WORK TASK -
Repeat every entry, word for word, leaving no line out.
'''
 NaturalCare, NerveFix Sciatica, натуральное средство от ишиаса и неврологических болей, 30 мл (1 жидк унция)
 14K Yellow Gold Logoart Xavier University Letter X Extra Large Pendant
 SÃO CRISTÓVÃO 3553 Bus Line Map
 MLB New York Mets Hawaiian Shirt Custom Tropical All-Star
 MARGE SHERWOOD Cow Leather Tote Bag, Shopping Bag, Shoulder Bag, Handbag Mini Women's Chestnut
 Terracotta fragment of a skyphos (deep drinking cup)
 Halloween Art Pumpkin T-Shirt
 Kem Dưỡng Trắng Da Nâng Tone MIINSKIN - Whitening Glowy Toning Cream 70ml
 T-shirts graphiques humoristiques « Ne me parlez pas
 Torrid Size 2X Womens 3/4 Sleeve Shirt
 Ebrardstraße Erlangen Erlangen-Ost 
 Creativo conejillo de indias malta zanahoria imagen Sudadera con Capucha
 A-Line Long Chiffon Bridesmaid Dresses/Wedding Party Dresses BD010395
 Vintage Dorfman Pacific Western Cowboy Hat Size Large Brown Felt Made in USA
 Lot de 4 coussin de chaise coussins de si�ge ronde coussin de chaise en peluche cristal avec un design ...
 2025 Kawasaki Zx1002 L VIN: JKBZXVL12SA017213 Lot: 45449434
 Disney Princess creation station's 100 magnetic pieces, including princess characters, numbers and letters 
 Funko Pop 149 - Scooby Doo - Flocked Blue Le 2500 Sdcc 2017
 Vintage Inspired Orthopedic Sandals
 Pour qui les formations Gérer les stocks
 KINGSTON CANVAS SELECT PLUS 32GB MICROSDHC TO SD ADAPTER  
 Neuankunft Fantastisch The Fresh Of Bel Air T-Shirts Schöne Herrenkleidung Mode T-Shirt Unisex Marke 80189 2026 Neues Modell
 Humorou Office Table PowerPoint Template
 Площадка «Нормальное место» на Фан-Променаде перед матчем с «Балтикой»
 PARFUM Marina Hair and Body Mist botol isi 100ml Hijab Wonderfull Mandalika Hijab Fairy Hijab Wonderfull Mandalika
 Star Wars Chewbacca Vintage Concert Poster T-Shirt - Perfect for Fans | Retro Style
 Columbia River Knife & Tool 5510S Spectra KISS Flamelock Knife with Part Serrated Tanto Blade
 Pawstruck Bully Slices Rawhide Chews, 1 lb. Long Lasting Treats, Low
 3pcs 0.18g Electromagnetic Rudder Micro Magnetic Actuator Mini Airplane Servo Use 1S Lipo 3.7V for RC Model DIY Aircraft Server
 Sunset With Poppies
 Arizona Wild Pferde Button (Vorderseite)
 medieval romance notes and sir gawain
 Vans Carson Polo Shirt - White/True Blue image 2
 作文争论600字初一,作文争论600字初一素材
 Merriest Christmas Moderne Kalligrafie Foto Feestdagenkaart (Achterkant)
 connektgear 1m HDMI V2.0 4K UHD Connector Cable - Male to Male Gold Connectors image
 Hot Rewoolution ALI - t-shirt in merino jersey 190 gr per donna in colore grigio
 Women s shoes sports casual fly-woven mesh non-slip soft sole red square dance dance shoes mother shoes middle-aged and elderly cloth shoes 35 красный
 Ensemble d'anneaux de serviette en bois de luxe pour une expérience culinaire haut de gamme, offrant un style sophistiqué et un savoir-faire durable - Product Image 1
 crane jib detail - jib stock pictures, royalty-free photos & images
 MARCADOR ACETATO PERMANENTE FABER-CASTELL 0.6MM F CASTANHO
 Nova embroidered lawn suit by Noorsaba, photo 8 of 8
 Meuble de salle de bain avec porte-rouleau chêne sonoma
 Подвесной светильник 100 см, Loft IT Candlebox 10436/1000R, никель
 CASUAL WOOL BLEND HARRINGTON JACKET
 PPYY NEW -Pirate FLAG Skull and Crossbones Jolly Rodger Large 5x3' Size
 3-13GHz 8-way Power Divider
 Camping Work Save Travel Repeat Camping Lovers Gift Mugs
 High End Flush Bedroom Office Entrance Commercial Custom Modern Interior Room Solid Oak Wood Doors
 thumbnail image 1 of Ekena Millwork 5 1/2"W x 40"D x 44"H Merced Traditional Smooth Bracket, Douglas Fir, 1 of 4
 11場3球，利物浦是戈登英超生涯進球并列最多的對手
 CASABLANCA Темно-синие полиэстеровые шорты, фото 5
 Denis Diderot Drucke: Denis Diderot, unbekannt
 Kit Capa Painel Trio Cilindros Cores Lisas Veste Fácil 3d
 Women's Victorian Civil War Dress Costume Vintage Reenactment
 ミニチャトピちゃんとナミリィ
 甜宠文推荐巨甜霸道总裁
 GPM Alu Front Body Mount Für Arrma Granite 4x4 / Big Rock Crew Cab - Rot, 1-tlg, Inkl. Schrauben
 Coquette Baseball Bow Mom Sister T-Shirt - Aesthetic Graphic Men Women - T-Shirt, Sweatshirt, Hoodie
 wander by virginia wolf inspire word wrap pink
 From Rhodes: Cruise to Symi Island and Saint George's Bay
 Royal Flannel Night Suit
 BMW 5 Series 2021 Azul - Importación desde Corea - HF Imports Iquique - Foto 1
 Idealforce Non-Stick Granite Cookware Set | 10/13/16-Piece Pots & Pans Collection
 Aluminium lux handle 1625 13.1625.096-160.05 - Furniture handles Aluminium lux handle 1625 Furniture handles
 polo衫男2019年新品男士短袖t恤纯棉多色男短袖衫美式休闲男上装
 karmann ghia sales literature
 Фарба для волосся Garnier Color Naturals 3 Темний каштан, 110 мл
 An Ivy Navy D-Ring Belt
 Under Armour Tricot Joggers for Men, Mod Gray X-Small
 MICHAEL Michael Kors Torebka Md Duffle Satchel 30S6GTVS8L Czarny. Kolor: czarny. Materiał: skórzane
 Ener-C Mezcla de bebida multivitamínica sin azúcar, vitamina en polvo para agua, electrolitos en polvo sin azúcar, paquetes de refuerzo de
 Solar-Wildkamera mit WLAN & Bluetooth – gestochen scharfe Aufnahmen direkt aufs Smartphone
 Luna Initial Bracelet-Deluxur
'''
RESPONSE TO THIS EXERCISE -
 NaturalCare, NerveFix Sciatica, натуральное средство от ишиаса и неврологических болей, 30 мл (1 жидк унция)
 14K Yellow Gold Logoart Xavier University Letter X Extra Large Pendant
 SÃO CRISTÓVÃO 3553 Bus Line Map
 MLB New York Mets Hawaiian Shirt Custom Tropical All-Star
 MARGE SHERWOOD Cow Leather Tote Bag, Shopping Bag, Shoulder Bag, Handbag Mini Women's Chestnut
 Terracotta fragment of a skyphos (deep drinking cup)
 Halloween Art Pumpkin T-Shirt
 Kem Dưỡng Trắng Da Nâng Tone MIINSKIN - Whitening Glowy Toning Cream 70ml
 T-shirts graphiques humoristiques « Ne me parlez pas
 Torrid Size 2X Womens 3/4 Sleeve Shirt
 Ebrardstraße Erlangen Erlangen-Ost 
 Creativo conejillo de indias malta zanahoria imagen Sudadera con Capucha
 A-Line Long Chiffon Bridesmaid Dresses/Wedding Party Dresses BD010395
 Vintage Dorfman Pacific Western Cowboy Hat Size Large Brown Felt Made in USA
 Lot de 4 coussin de chaise coussins de si�ge ronde coussin de chaise en peluche cristal avec un design ...
 2025 Kawasaki Zx1002 L VIN: JKBZXVL12SA017213 Lot: 45449434
 Disney Princess creation station's 100 magnetic pieces, including princess characters, numbers and letters 
 Funko Pop 149 - Scooby Doo - Flocked Blue Le 2500 Sdcc 2017
 Vintage Inspired Orthopedic Sandals
 Pour qui les formations Gérer les stocks
 KINGSTON CANVAS SELECT PLUS 32GB MICROSDHC TO SD ADAPTER  
 Neuankunft Fantastisch The Fresh Of Bel Air T-Shirts Schöne Herrenkleidung Mode T-Shirt Unisex Marke 80189 2026 Neues Modell
 Humorou Office Table PowerPoint Template
 Площадка «Нормальное место» на Фан-Променаде перед матчем с «Балтикой»
 PARFUM Marina Hair and Body Mist botol isi 100ml Hijab Wonderfull Mandalika Hijab Fairy Hijab Wonderfull Mandalika
 Star Wars Chewbacca Vintage Concert Poster T-Shirt - Perfect for Fans | Retro Style
 Columbia River Knife & Tool 5510S Spectra KISS Flamelock Knife with Part Serrated Tanto Blade
 Pawstruck Bully Slices Rawhide Chews, 1 lb. Long Lasting Treats, Low
 3pcs 0.18g Electromagnetic Rudder Micro Magnetic Actuator Mini Airplane Servo Use 1S Lipo 3.7V for RC Model DIY Aircraft Server
 Sunset With Poppies
 Arizona Wild Pferde Button (Vorderseite)
 medieval romance notes and sir gawain
 Vans Carson Polo Shirt - White/True Blue image 2
 作文争论600字初一,作文争论600字初一素材
 Merriest Christmas Moderne Kalligrafie Foto Feestdagenkaart (Achterkant)
 connektgear 1m HDMI V2.0 4K UHD Connector Cable - Male to Male Gold Connectors image
 Hot Rewoolution ALI - t-shirt in merino jersey 190 gr per donna in colore grigio
 Women s shoes sports casual fly-woven mesh non-slip soft sole red square dance dance shoes mother shoes middle-aged and elderly cloth shoes 35 красный
 Ensemble d'anneaux de serviette en bois de luxe pour une expérience culinaire haut de gamme, offrant un style sophistiqué et un savoir-faire durable - Product Image 1
 crane jib detail - jib stock pictures, royalty-free photos & images
 MARCADOR ACETATO PERMANENTE FABER-CASTELL 0.6MM F CASTANHO
 Nova embroidered lawn suit by Noorsaba, photo 8 of 8
 Meuble de salle de bain avec porte-rouleau chêne sonoma
 Подвесной светильник 100 см, Loft IT Candlebox 10436/1000R, никель
 CASUAL WOOL BLEND HARRINGTON JACKET
 PPYY NEW -Pirate FLAG Skull and Crossbones Jolly Rodger Large 5x3' Size
 3-13GHz 8-way Power Divider
 Camping Work Save Travel Repeat Camping Lovers Gift Mugs
 High End Flush Bedroom Office Entrance Commercial Custom Modern Interior Room Solid Oak Wood Doors
 thumbnail image 1 of Ekena Millwork 5 1/2"W x 40"D x 44"H Merced Traditional Smooth Bracket, Douglas Fir, 1 of 4
 11場3球，利物浦是戈登英超生涯進球并列最多的對手
 CASABLANCA Темно-синие полиэстеровые шорты, фото 5
 Denis Diderot Drucke: Denis Diderot, unbekannt
 Kit Capa Painel Trio Cilindros Cores Lisas Veste Fácil 3d
 Women's Victorian Civil War Dress Costume Vintage Reenactment
 ミニチャトピちゃんとナミリィ
 甜宠文推荐巨甜霸道总裁
 GPM Alu Front Body Mount Für Arrma Granite 4x4 / Big Rock Crew Cab - Rot, 1-tlg, Inkl. Schrauben
 Coquette Baseball Bow Mom Sister T-Shirt - Aesthetic Graphic Men Women - T-Shirt, Sweatshirt, Hoodie
 wander by virginia wolf inspire word wrap pink
 From Rhodes: Cruise to Symi Island and Saint George's Bay
 Royal Flannel Night Suit
 BMW 5 Series 2021 Azul - Importación desde Corea - HF Imports Iquique - Foto 1
 Idealforce Non-Stick Granite Cookware Set | 10/13/16-Piece Pots & Pans Collection
 Aluminium lux handle 1625 13.1625.096-160.05 - Furniture handles Aluminium lux handle 1625 Furniture handles
 polo衫男2019年新品男士短袖t恤纯棉多色男短袖衫美式休闲男上装
 karmann ghia sales literature
 Фарба для волосся Garnier Color Naturals 3 Темний каштан, 110 мл
 An Ivy Navy D-Ring Belt
 Under Armour Tricot Joggers for Men, Mod Gray X-Small
 MICHAEL Michael Kors Torebka Md Duffle Satchel 30S6GTVS8L Czarny. Kolor: czarny. Materiał: skórzane
 Ener-C Mezcla de bebida multivitamínica sin azúcar, vitamina en polvo para agua, electrolitos en polvo sin azúcar, paquetes de refuerzo de
 Solar-Wildkamera mit WLAN & Bluetooth – gestochen scharfe Aufnahmen direkt aufs Smartphone
 Luna Initial Bracelet-Deluxur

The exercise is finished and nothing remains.